▶ **Task to complete**:
Would you reproduce each line below exactly, leaving every picture out?

**** Supplied data ****

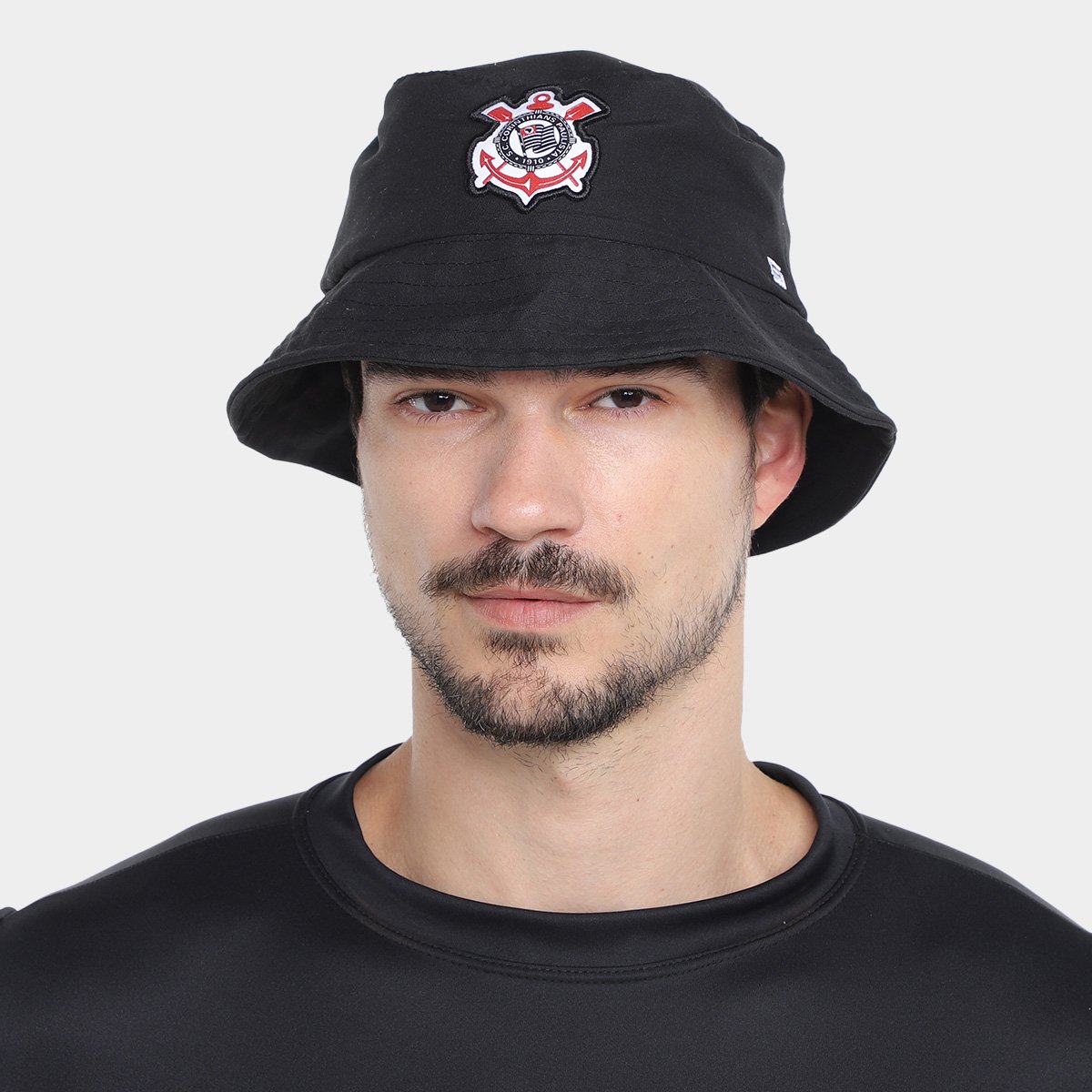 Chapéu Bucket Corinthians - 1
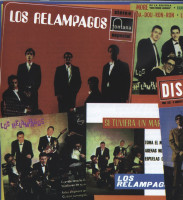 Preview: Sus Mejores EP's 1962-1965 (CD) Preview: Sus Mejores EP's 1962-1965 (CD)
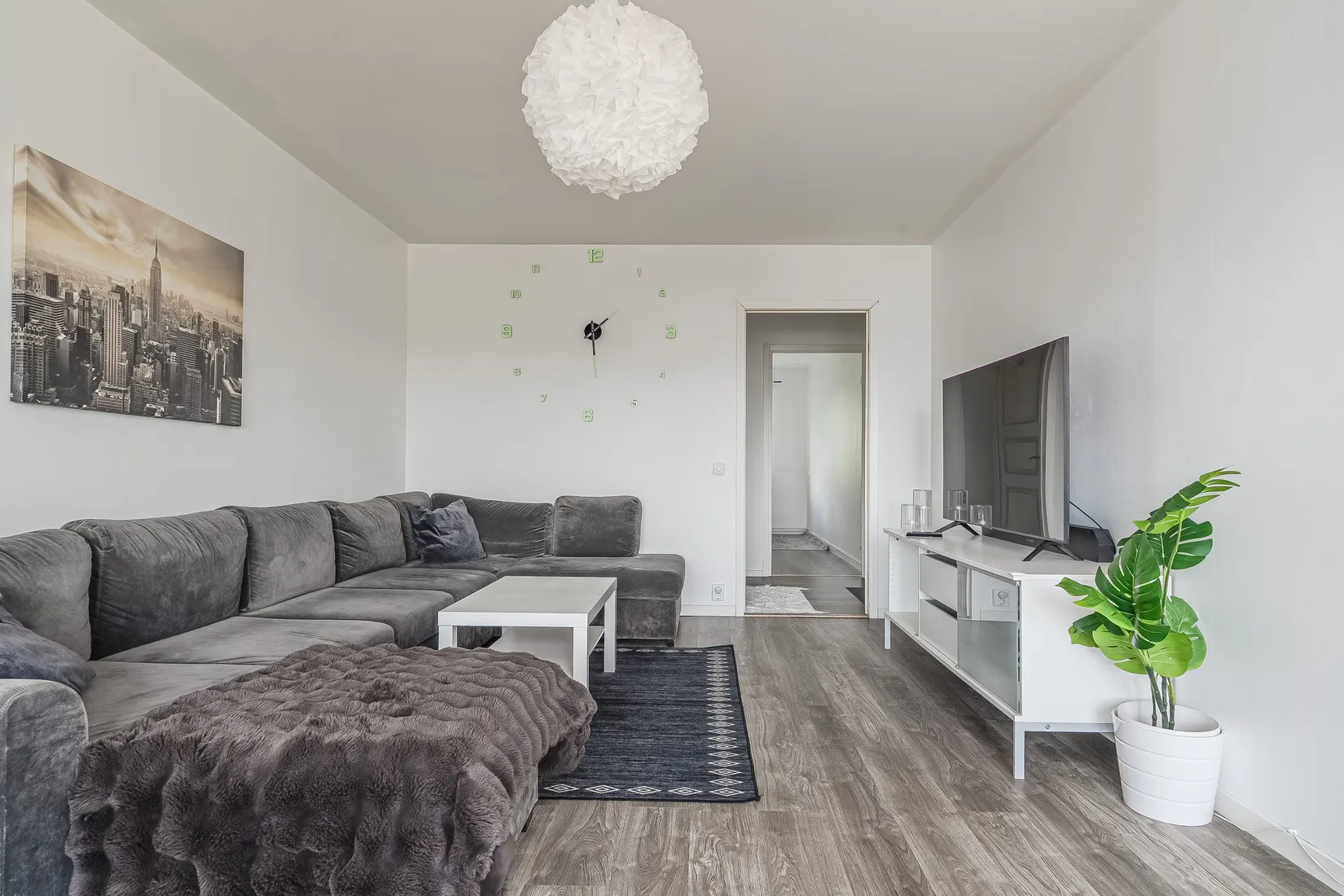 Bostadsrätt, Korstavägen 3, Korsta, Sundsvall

****

▶ **Problem solution**:
 Chapéu Bucket Corinthians - 1
 Preview: Sus Mejores EP's 1962-1965 (CD) Preview: Sus Mejores EP's 1962-1965 (CD)
 Bostadsrätt, Korstavägen 3, Korsta, Sundsvall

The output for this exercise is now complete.